Top deck pool, bar and restaurant area
Ship atrium
The Sea Princess is a huge beast. It took some time to work out how to negotiate its 14 levels. Essentially, the heart of the ship is the 4-level atrium; you kind of learn how to get there and back from your room and the rest is automatic pilot after a bit. Beware of the plastic card you are issued that allows you to chalk up expenses; ship salesmen are constantly hawking various wares and alcohol is not cheap. You are allowed to take on board just one bottle of wine per person, though the Web is full of advice for resourceful passengers seeking to boost stateroom liquor supplies.

Auckland
We were at sea for two days after leaving Brisbane before reaching the North Island. The first port of call was New Zealand's biggest city. Auckland cut a fine figure in a blaze of lights reflected on its splendid harbour as we berthed late in the evening. You can opt for one of the cruise's expensive onshore tours at any of the six land stops, or sign up for one much more cheaply at the local tourism bureau when you get off the boat. Or you may simply wander about and do what you want, which is what we did most of the time. Generally the ship is in port for a full day, allowing plenty of time to poke around. In Auckland we visited the Maritime Museum before wandering the city streets for a bit.

Mt Maunganui at Tauranga
The next stop was Tauranga in the Bay of Plenty. Mt Maunganui was a good look here; a walking track around its base was a pleasant diversion. Native birds in the forest along the track included Tui, Grey Gerygone and Bellbird, while Variable Oystercatchers were on the beach.

Tui


Variable Oystercatcher
 New Zealand is awash with introduced birds like this Yellowhammer.
Yellowhammer
Our next stop was the key port of Napier, also on the North Island. The ship looked impressive from a lookout above the wharf.

Sea Princess at Napier
We admired the art deco homes built after the city was wiped out by an earthquake in 1931. Our bus was held up by a fatal car accident while returning to the ship. While waiting, I looked out the window and saw this woman and her dog on her veranda; I thought they looked eerily alike.

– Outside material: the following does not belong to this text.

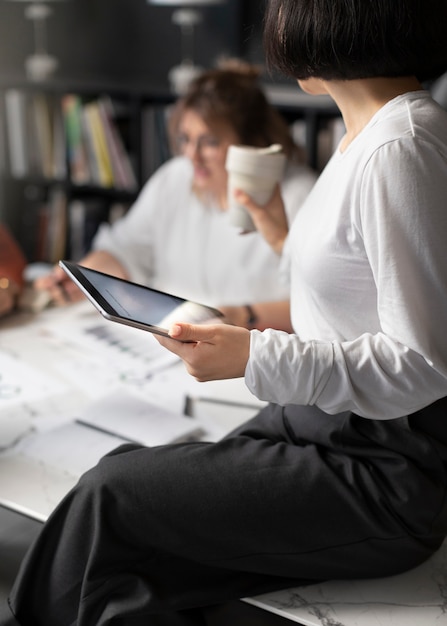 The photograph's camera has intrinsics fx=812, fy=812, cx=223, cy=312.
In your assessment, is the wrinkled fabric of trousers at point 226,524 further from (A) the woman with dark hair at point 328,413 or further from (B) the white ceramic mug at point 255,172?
(B) the white ceramic mug at point 255,172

Napier- roadside street scene
We were next in the New Zealand capital, Wellington. I had been there before for work and remember it being continuously wet and windy. We were blessed here - as for the entire trip - with perfect weather; mild, wind-free and sunny. We took the cable car from the CBD to the botanic gardens. We wandered down steep suburban back streets(so San Francisco) past stately homes with views to die for before reconnecting with the city's fine harbour esplanade.

Wellington
After leaving the North Island we moved on to the historic town of Akaroa, near Christchurch. We had been here before so didn't bother going ashore, but it was pleasant enough soaking in the tranquil environs of Banks Peninsula and its surrounding waters.

Akaroa, Banks Peninsula
Our final port was Port Chalmers, near Dunedin. We opted for a local tour to check out sights around town, visiting the small but impressive Lanarche Castle with its awesome view over the harbour. The coastline near Dunedin, as in much of New Zealand, was never boring.

Coast near Dunedin

Lanarche Castle Dunedin

View from Lanarche Castle to Port Chalmers
 After leaving Milford Sound, it is 3 days sailing across the Tasman Sea to return to Brisbane.